◆ INSTRUCTIONS TO FOLLOW ◆
What you give back must match the data exactly, minus the pictures.

◆ DATA ◆
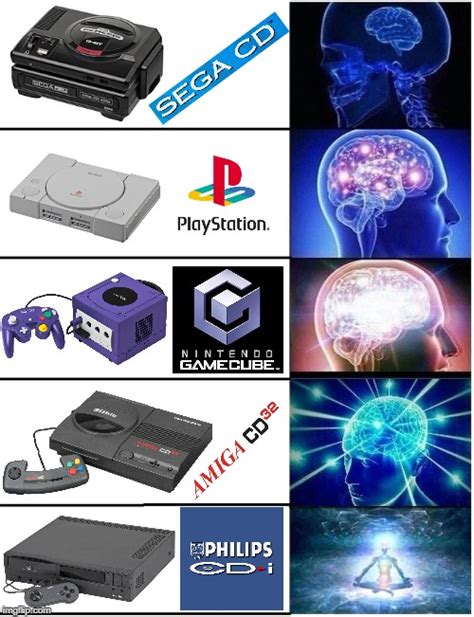 Cd Based Consoles Imgflip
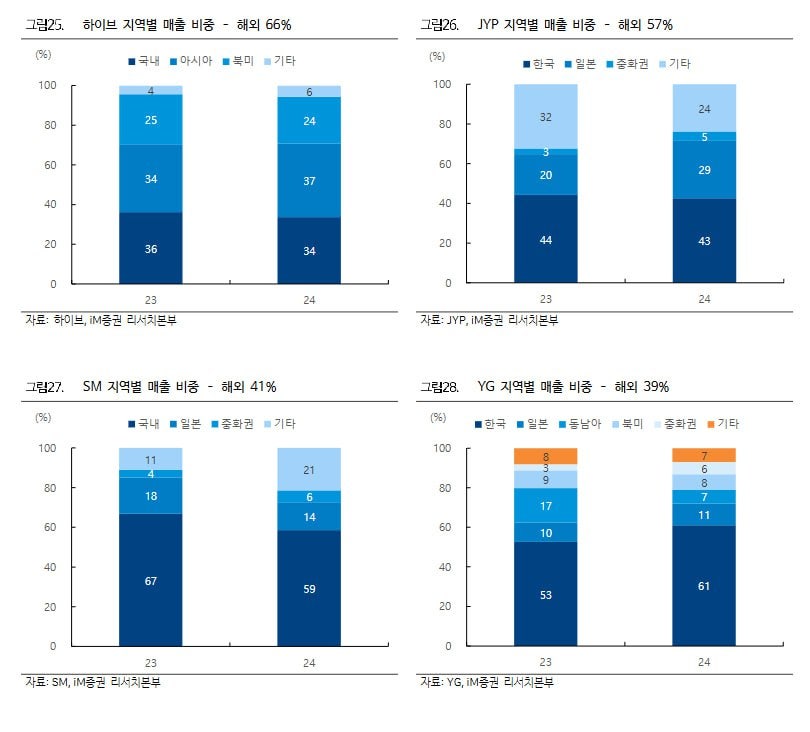 에스엠-25 이미지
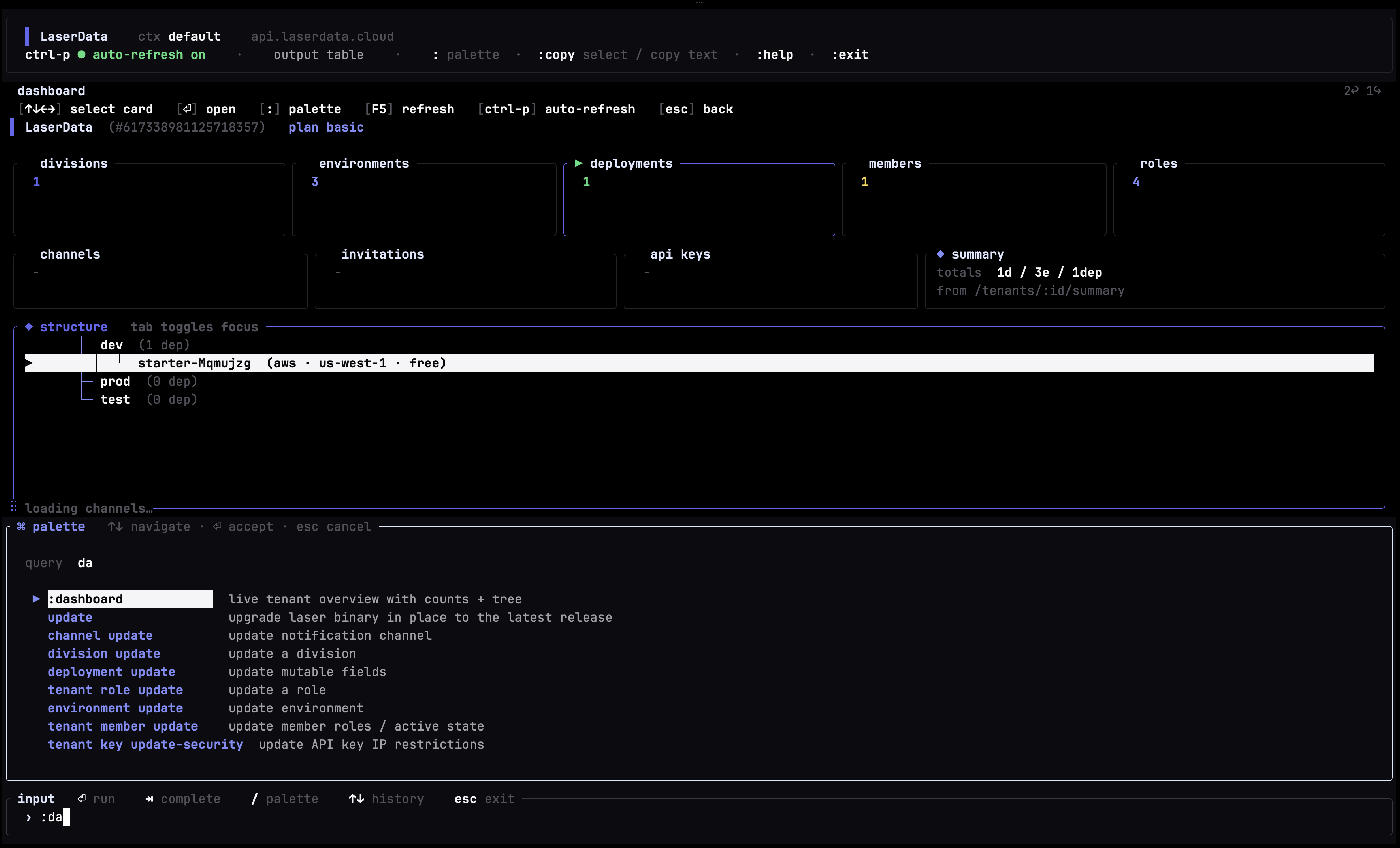 laser-cli interactive TUI showing a tenant tree, environments, deployments, and a command palette.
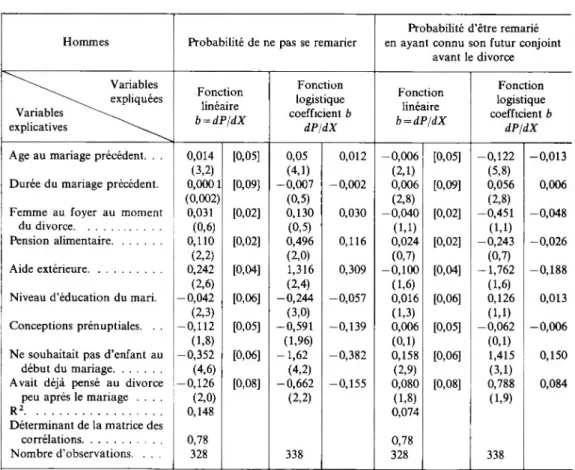 TABLEAU II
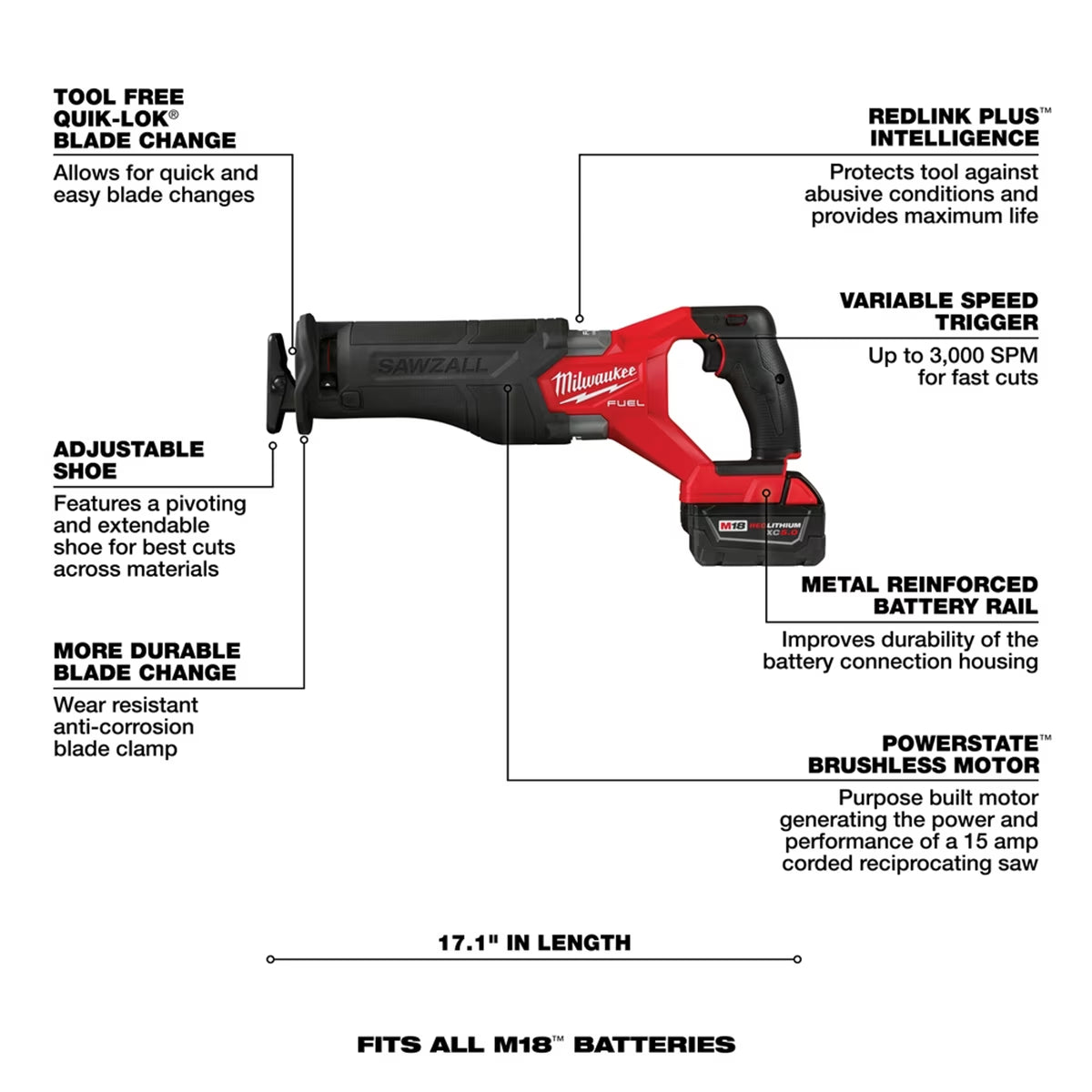 Tool M18 FUEL 5-Tool Combo Kit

◆ RESULT OF THE EXERCISE ◆
 Cd Based Consoles Imgflip
 에스엠-25 이미지
 laser-cli interactive TUI showing a tenant tree, environments, deployments, and a command palette.
 TABLEAU II
 Tool M18 FUEL 5-Tool Combo Kit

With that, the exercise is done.